| Exercise instructions |
Set down, word for word, only the lines from the start of the records through the line bearing "The Perfection Firelight is"; include no pictures.

| Materials provided |
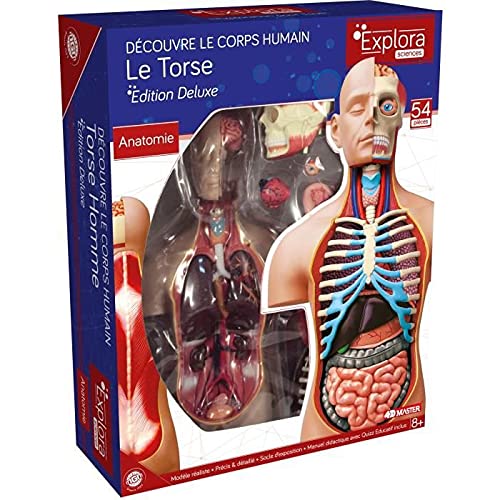 ExPLORA 546080 - Anatomía del Torso Humano - Modelo Realista de 54 Piezas - 40 cm - Torso + Elementos Desmontables + Base - Kit de Descubrimiento - para 8 años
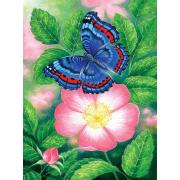 Puzzle SunsOut La Mariposa Azul de 1000 Pzs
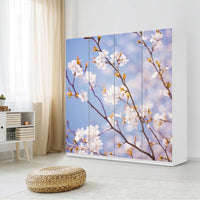 Klebefolie für Schränke Apple Blossoms - IKEA Pax Schrank 201 cm Höhe - 4 Türen - Schlafzimmer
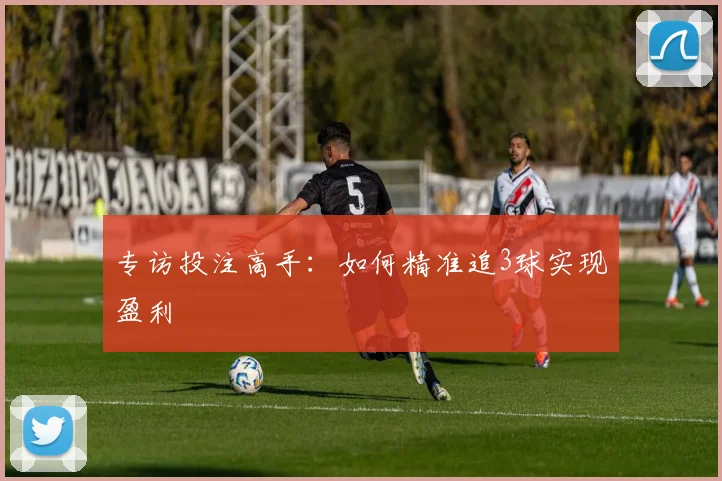专访投注高手：如何精准追3球实现盈利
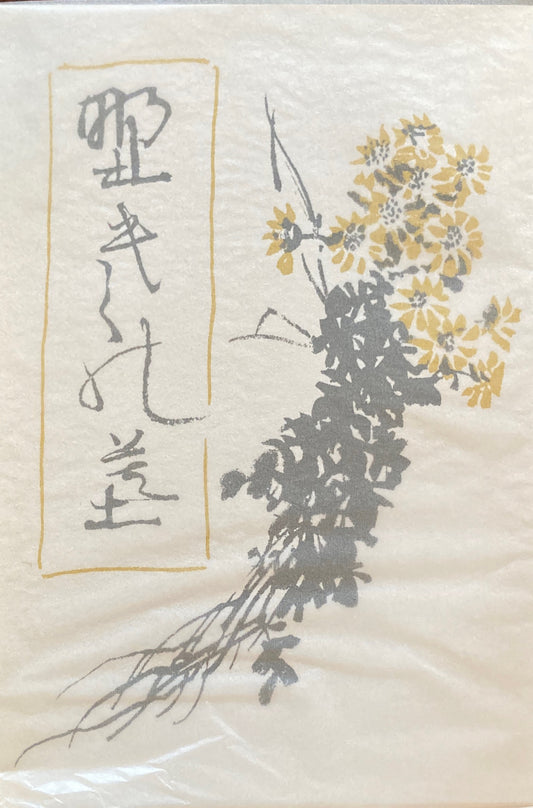 野菊の墓　伊藤左千夫　新選名著複刻全集　近代文学館　昭和59年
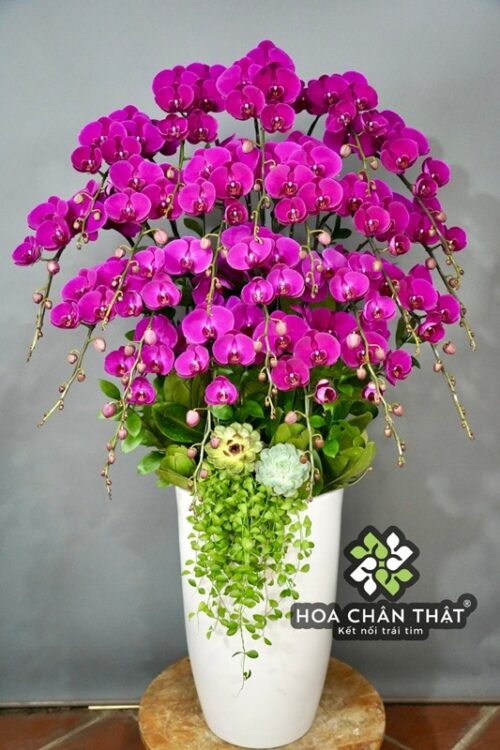 Chậu Lan Hồ Điệp 20 Cành – Màu Tím Địa Chủ Quyền Quý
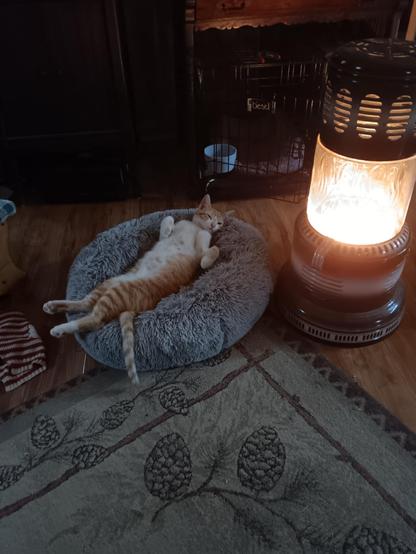 One of our cats resting by the Perfection Firelight .
The Perfection Firelight is a kerosene / parafine burning heater made by Perfection Company. The Firelight models have fresnel glass chimneys that provide a lot of light.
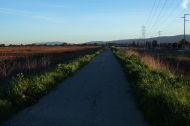Heading south on the Bay Trail east of East Palo Alto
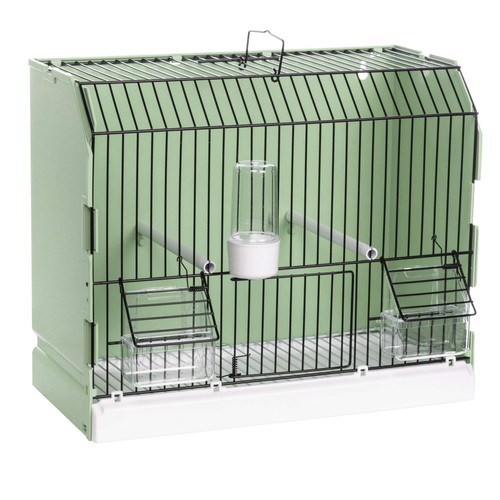 Green plastic show - green,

| Solution for this task |
 ExPLORA 546080 - Anatomía del Torso Humano - Modelo Realista de 54 Piezas - 40 cm - Torso + Elementos Desmontables + Base - Kit de Descubrimiento - para 8 años
 Puzzle SunsOut La Mariposa Azul de 1000 Pzs
 Klebefolie für Schränke Apple Blossoms - IKEA Pax Schrank 201 cm Höhe - 4 Türen - Schlafzimmer
专访投注高手：如何精准追3球实现盈利
 野菊の墓　伊藤左千夫　新選名著複刻全集　近代文学館　昭和59年
 Chậu Lan Hồ Điệp 20 Cành – Màu Tím Địa Chủ Quyền Quý
 One of our cats resting by the Perfection Firelight .
The Perfection Firelight is a kerosene / parafine burning heater made by Perfection Company. The Firelight models have fresnel glass chimneys that provide a lot of light.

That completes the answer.